O segredo do bom saquê é o grau de polimento do arroz, pois apenas o amido que está no centro do grão deve ser usado para a fermentação. Apesar de alguns chamarem saquê de vinho de arroz, seu processo de fabricação lembra mais o da cerveja. É bastante elaborado, necessitando de adição de um fungo do gênero Aspergillus para liberar as enzimas (amilases, entre outras) que quebram o amido em moléculas de açúcares menores e mais simples (maltose, glicose), que são o substrato para a levedura de cerveja, Saccharomyces cerevisiae, que irá produzir o álcool.

Existem duas grandes categorias de saquê, o Junmai que não leva adição de álcool e o Honzozo, que tem adição de álcool além do produzido na fermentação do arroz.
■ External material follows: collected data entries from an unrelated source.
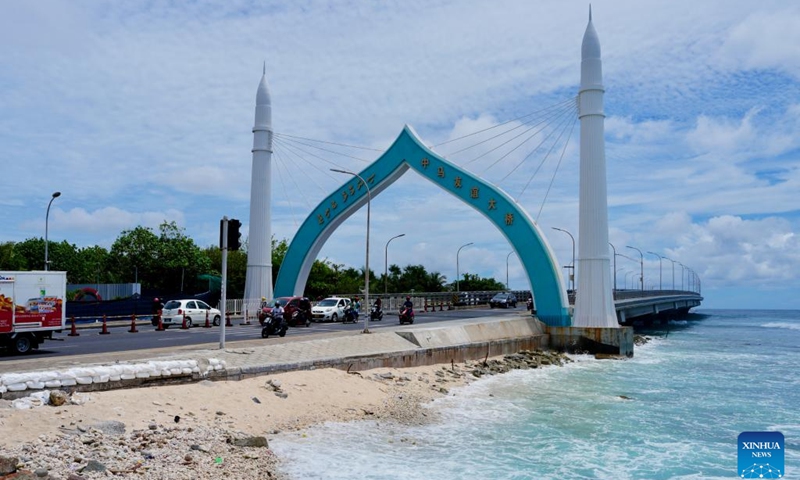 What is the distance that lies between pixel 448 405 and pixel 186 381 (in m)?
7.40

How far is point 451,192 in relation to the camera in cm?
3984

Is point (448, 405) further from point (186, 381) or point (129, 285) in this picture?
point (129, 285)

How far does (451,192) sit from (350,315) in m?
9.34

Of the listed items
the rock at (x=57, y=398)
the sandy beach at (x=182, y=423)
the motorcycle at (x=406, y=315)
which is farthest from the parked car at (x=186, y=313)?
the rock at (x=57, y=398)

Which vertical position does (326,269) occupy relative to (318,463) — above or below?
above

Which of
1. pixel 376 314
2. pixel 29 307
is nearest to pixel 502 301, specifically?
pixel 376 314

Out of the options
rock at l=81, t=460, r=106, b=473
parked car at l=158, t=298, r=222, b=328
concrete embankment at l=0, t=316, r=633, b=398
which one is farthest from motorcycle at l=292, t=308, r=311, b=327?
rock at l=81, t=460, r=106, b=473

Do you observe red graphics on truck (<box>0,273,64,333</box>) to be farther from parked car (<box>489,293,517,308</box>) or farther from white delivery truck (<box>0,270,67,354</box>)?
parked car (<box>489,293,517,308</box>)

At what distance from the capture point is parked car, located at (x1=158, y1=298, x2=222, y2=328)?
3284cm

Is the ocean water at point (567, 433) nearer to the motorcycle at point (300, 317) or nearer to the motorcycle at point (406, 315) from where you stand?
the motorcycle at point (406, 315)

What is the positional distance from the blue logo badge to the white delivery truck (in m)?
18.3

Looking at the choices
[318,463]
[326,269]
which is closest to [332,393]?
[318,463]

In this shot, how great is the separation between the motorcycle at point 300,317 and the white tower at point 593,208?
1403 cm

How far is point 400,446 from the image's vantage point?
1376 cm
As categorias superiores são Ginjo e Dainginjo, que implicam em maior grau de polimento, portanto maior pureza de amido para fermentação.

Agora o mais importante é não colocar sal na borda do copo de saquê, que só deve ser usado para equilibrar o sabor de saquês de pior qualidade, que contém grandes quantidades de amido e açúcares residuais, tornando o saquê muito adocicado e enjoativo. Além do mais, o equilíbrio com o sal do bolinho e da farofa de piracuí já é o suficiente.

Qual a marca de saquê? Bem, aí o melhor é procurar uma boa loja na Liberdade e pedir ajuda a algum vendedor especialista em saquê, de preferência que saiba ler japonês, uma vez que as informações dos rótulos de saquê japoneses só vem escritas em Nihongo (japonês)! Ou tentar um saquê californiano, ou mesmo um bom saquê nacional.

Gelado, em temperatura ambiente ou quente? Eu prefiro bem fresco, mas nada de estupidamente gelado. Kampai!

Banda UÓ
Shake de Amor

Para combinar com este bolinho e farofa de piracuí, precisa ser algo genuinamente brasileiro. E não só isso, precisa ser uma mistura musical mutante. Assim é o tecno brega. E assim é a banda UÓ.

Diretamente de Goiânia, eles adotaram o amazônico estilo de música de Belém, o próprio tecno brega, e fizeram uma combinação mutante com indie rock. Influenciados pela cool Gabi Amarantos, fizeram um hit, dançante e engraçadíssimo o Shake de Amor. O refrão é um dos melhores de todos os tempos! E a formação da banda também é incrível, Mateus Carrilho, Davi Sabbag, gays e Mel Gonçalves, transsexual de parar o quarteirão.

Reportagem da Vanity Fair, parceria com o DJ Diplo, participação da Preta Gil e do Luis Caldas.

Este trio mostra, como o bolinho de piracuí, que quando se tira o tradicional (no caso gastronômico bacalhau), o resultado é surpreendente. E parece que o próximo passo do trio é misturar com a cúmbia, o reggaeton e a música árabe. Bom, daqui há 30 anos a gente vê se isso é ou não história, ;)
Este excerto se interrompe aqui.